A girl travels along a straight line, from point A to B at a constant speed, $$V_1$$ meters/sec for T seconds. Next, she travels from point B to C along a straight line, at a constant speed of $$V_2$$ meters/sec for another T seconds. BC makes an angle 105° with AB. If CA makes an angle 30° with BC, how much time will she take to travel back from point C to A at a constant speed of $$V_2$$ meters/sec, if she travels along a straight line from C to A?
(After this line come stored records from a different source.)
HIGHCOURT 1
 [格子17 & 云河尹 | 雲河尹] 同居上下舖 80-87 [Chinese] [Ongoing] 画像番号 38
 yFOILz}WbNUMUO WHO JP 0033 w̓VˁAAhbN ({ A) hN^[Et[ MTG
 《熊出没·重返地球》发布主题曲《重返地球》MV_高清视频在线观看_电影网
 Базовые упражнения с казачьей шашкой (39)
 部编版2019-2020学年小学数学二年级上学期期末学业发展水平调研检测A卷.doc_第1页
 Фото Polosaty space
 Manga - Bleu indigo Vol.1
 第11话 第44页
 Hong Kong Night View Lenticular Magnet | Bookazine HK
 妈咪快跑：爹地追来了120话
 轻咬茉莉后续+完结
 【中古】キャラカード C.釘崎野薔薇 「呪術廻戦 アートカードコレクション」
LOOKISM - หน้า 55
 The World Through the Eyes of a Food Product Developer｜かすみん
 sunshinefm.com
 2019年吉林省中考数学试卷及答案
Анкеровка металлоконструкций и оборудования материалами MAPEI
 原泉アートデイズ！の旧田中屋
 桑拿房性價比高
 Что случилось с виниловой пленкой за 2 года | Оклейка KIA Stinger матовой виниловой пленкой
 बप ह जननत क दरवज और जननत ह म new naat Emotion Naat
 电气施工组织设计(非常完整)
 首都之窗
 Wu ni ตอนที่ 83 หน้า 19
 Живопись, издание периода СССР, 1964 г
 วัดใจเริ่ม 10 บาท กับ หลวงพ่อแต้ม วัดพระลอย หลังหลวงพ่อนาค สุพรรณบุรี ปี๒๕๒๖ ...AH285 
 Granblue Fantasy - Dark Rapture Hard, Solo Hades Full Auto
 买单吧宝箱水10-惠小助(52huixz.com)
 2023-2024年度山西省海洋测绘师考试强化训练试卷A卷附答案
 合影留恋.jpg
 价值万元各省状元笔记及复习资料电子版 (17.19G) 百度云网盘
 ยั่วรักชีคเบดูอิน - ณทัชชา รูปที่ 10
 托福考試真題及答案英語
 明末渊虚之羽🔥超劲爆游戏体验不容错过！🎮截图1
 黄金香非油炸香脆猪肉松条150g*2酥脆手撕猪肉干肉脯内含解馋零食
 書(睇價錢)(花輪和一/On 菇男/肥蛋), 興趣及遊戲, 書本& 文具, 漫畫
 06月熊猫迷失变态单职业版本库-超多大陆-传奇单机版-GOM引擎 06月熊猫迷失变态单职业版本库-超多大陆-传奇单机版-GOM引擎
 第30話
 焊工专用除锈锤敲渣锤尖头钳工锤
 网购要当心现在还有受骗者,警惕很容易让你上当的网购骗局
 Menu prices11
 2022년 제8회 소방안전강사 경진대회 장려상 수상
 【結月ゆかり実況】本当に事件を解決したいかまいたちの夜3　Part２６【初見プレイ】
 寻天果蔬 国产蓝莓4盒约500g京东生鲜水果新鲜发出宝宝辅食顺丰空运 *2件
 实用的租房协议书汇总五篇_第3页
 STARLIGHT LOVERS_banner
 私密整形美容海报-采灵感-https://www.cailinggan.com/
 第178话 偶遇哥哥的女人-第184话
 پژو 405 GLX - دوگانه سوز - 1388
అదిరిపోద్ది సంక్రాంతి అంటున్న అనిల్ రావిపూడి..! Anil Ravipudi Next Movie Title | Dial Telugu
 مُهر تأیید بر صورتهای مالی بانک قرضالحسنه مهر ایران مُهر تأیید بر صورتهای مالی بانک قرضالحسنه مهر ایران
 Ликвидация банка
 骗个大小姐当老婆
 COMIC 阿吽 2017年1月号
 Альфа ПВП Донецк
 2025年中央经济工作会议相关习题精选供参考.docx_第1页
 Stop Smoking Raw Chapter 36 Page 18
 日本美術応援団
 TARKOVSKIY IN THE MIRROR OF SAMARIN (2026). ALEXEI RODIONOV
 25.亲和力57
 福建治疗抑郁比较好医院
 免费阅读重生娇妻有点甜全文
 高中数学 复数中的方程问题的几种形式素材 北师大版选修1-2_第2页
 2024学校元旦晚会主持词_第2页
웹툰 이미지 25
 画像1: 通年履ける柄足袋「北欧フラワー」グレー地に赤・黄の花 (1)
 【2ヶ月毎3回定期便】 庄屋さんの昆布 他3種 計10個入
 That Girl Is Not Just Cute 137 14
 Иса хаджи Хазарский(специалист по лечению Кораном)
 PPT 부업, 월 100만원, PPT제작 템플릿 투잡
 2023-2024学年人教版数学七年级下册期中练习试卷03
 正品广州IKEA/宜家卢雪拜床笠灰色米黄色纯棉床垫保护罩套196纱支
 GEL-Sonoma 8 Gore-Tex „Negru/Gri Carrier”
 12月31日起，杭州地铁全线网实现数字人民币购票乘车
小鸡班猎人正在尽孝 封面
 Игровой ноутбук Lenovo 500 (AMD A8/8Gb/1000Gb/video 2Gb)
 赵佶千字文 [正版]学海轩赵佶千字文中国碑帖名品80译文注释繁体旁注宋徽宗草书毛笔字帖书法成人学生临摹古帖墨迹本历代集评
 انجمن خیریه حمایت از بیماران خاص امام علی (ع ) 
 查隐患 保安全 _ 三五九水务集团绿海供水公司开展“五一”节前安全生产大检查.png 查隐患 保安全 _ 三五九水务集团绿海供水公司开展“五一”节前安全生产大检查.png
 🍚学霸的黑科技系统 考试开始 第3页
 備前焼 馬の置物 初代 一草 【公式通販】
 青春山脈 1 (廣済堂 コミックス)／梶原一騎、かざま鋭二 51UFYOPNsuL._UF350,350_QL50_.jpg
We draw BD perpendiculat to AC.
In right angled triangle BDC, BD / BC = sin 30°
or, BD = (V2 * T)/2 ......(i)
In right angled triangle BDA, BD / BA = sin 45°
Or, BD = (V1 * T)/$$\sqrt{2}$$ ......(ii)
From (i) and (ii), we get
V2 / V1 = $$\sqrt{2}$$
Total distance to be travelled from C to A = CD + DA = $$\sqrt{3}$$BD + BD
= BD($$1 + \sqrt{3}$$)
Replacing BD = (V2 * T)/2 in the avove equation,
CA = $$\dfrac{\text{(V2 * T)}}{2} (1 + \sqrt{3}$$)
Time taken at speed V2 = $$0.5(\sqrt{3}+1)$$T
Hence, option C is the correct answer.